Priebke, who had admitted to killing two of the Ardeatine Caves victims, was declared a free man.

Protest and anger erupted immediately.

Friends and relatives of the victims, who heard the verdict read out while crowded into a corridor outside the courtroom, exploded into tears, curses and shouts of “Assassins!” and “Shame! Shame!”

Scores of protesters, many of them militant young Jews wearing kipot, chanted prayers, clashed with police and tried to storm the courthouse.

At least five policemen were injured and four cars on the street were damaged during clashes that lasted hours.

Priebke was prevented from leaving the courthouse for eight hours until Justice Minister Giovanni Maria Flick ordered him rearrested and had him escorted under guard to a police van that took him to the civilian Regina Coeli prison in downtown Rome.

It was the same prison from which some of the Ardeatine Caves victims were rounded up.

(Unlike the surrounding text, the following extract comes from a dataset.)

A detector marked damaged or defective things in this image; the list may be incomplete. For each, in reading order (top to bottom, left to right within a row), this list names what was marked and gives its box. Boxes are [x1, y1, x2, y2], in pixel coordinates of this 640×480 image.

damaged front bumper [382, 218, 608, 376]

“This verdict makes me ashamed to be Italian,” said Giovanni Gigliozzi, leader of an association of victims’ relatives.

Said a woman who was the daughter of one of the victims: “They have killed them a second time.”

“I no longer have faith,” she added. “There is no justice.”

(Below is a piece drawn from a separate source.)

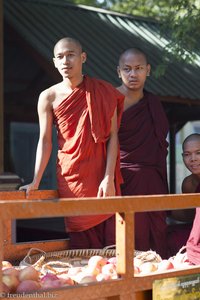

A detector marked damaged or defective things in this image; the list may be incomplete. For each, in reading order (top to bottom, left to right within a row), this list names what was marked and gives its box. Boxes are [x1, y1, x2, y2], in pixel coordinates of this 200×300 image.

Italy’s political leaders — from the far left to the far right — were virtually unanimous in expressing dismay and embarrassment about the verdict.

The government issued a statement expressing “extreme bitterness.”

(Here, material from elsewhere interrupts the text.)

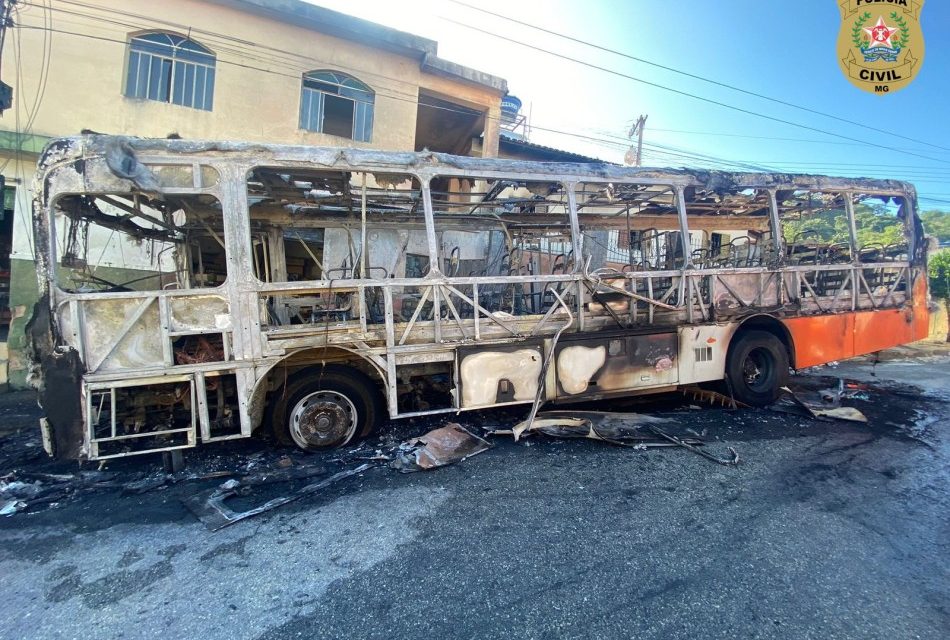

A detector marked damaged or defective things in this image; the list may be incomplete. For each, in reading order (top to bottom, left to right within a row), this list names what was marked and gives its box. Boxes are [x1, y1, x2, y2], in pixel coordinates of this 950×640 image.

burned bus [26, 136, 932, 460]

Parliament stood for a minute of silence; President Oscar Luigi Scalfaro met with families of the victims and declared that crimes remained crimes no matter how many years had passed.

Prime Minister Romano Prodi and other Italian leaders made a pilgrimage to the Ardeatine Caves, now a national shrine, in a show of solidarity with the victims.

Rome Mayor Francesco Rutelli ordered spotlights to illuminate the Ardeatine Caves the night after the verdict was handed down. He also ordered the lights to be darkened on the Coliseum and other historic Roman monuments.

Far right leader Gianfranco Fini, whose National Alliance party has its roots in fascism, declared the verdict “morally unjust.”

Jewish communities in Rome, Milan and Turin staged protest gatherings and prayers.

Meanwhile, prosecutors and judicial authorities began tackling the legal means to have Priebke retried.

But they warned that technical legal complications could make efforts difficult.

Prosecutors announced that they would appeal the case.

An appeal cannot be lodged until the original verdict is officially published – – in about three months.

Prosecutors and lawyers for Rome’s Jewish community also said they would ask Italy’s highest court to reconsider earlier requests to dismiss the military judges who brought the controversial verdict.

Two such requests were presented during the course of the trial, claiming that the judges were biased in favor of Priebke.

Both of these requests were rejected by a military appeals court. Should the high court reverse these decisions, a new trial would have to take place.

Meanwhile, experts in Italy, Germany and Argentina were examining the possibility of re-extraditing Priebke.

Germany is seeking his extradition, but the terms of Priebke’s extradition from Argentina to Italy last year specifically bar him from being extradited to another country.

Argentina, however, where Priebke lived openly for nearly 50 years until he was discovered there by a American television news crew in 1994, said it would refuse to let Priebke back into the country.

A spokesman for the German Justice Ministry said Germany would ask Argentina not to oppose Priebke’s transfer.

Such opposition appeared unlikely.

Argentine Foreign Minister Guido Di Tella reportedly said last Friday that Priebke “is no longer an Argentine resident.”

“He is a terrible immigrant who has done nothing for the country and has a criminal past at an international level,” Di Tella added.